(Problem to work on) Below are entries with pictures in them. Output exactly the lines starting at the line with "ділянка за адресою Жванецьке шосе, 7" and ending at the line with "341 City View Drive Property Photo 13", both included, but not the pictures.

(Input data)
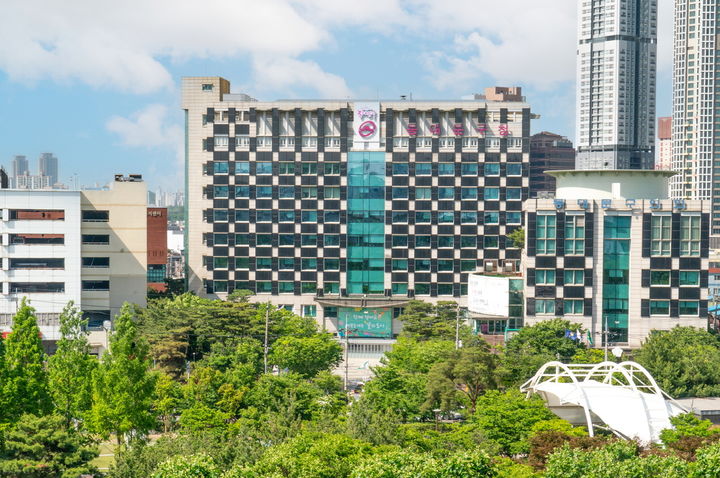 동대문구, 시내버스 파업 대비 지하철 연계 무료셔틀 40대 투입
...
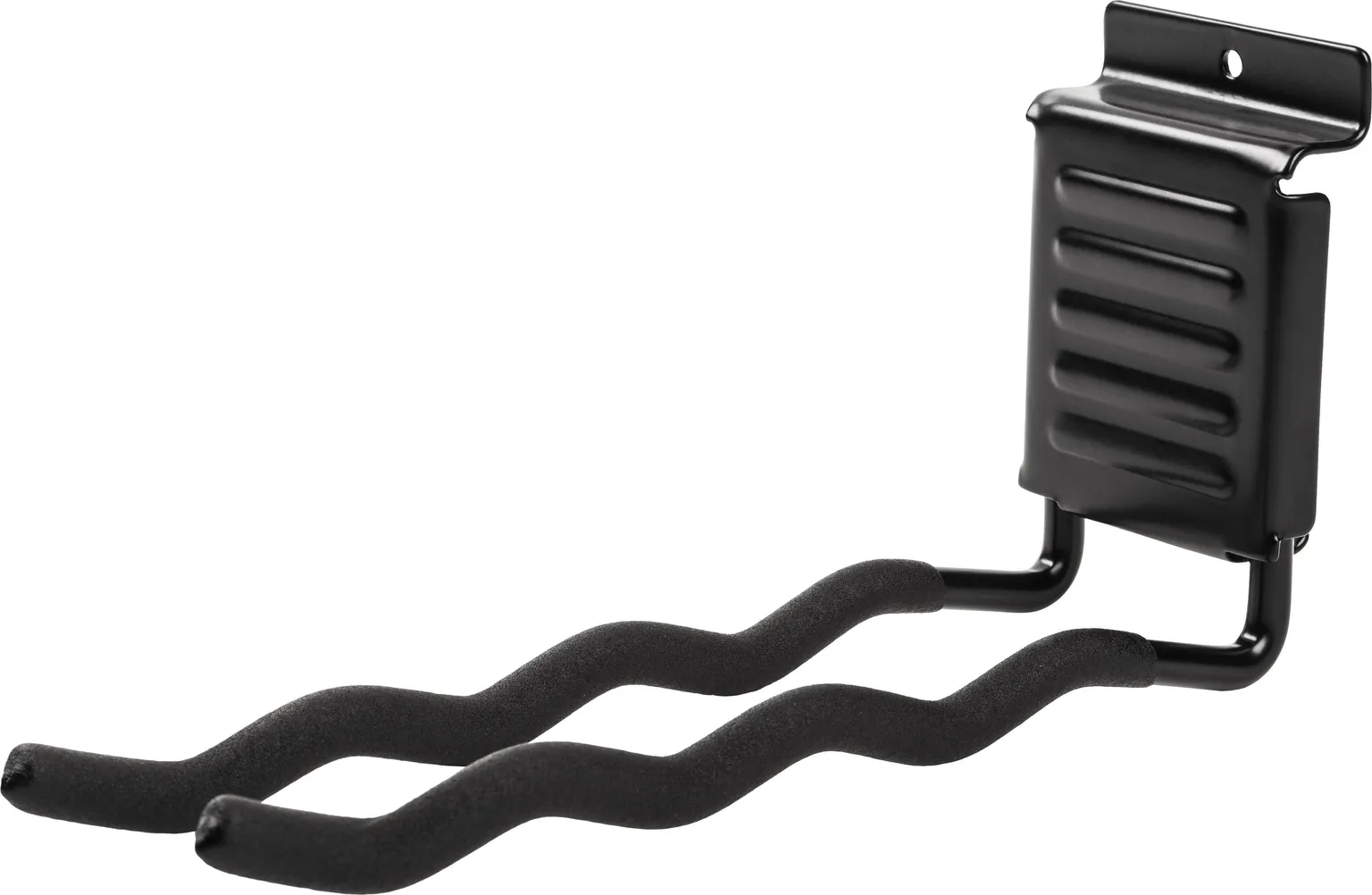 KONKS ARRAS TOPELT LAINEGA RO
--
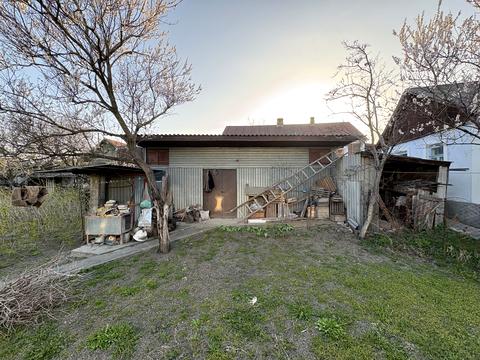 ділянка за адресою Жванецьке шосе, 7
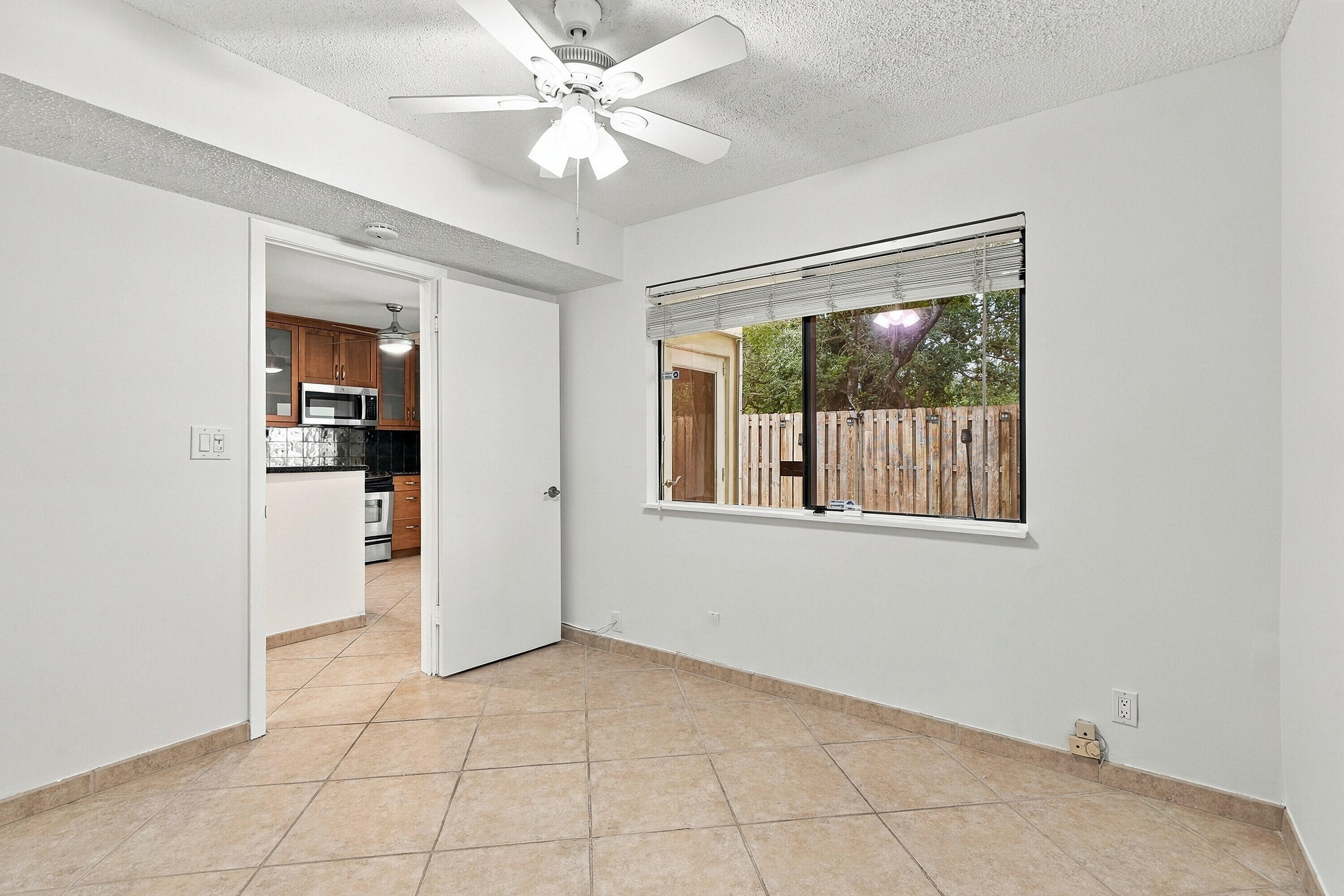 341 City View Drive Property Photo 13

(Solution)
 ділянка за адресою Жванецьке шосе, 7
 341 City View Drive Property Photo 13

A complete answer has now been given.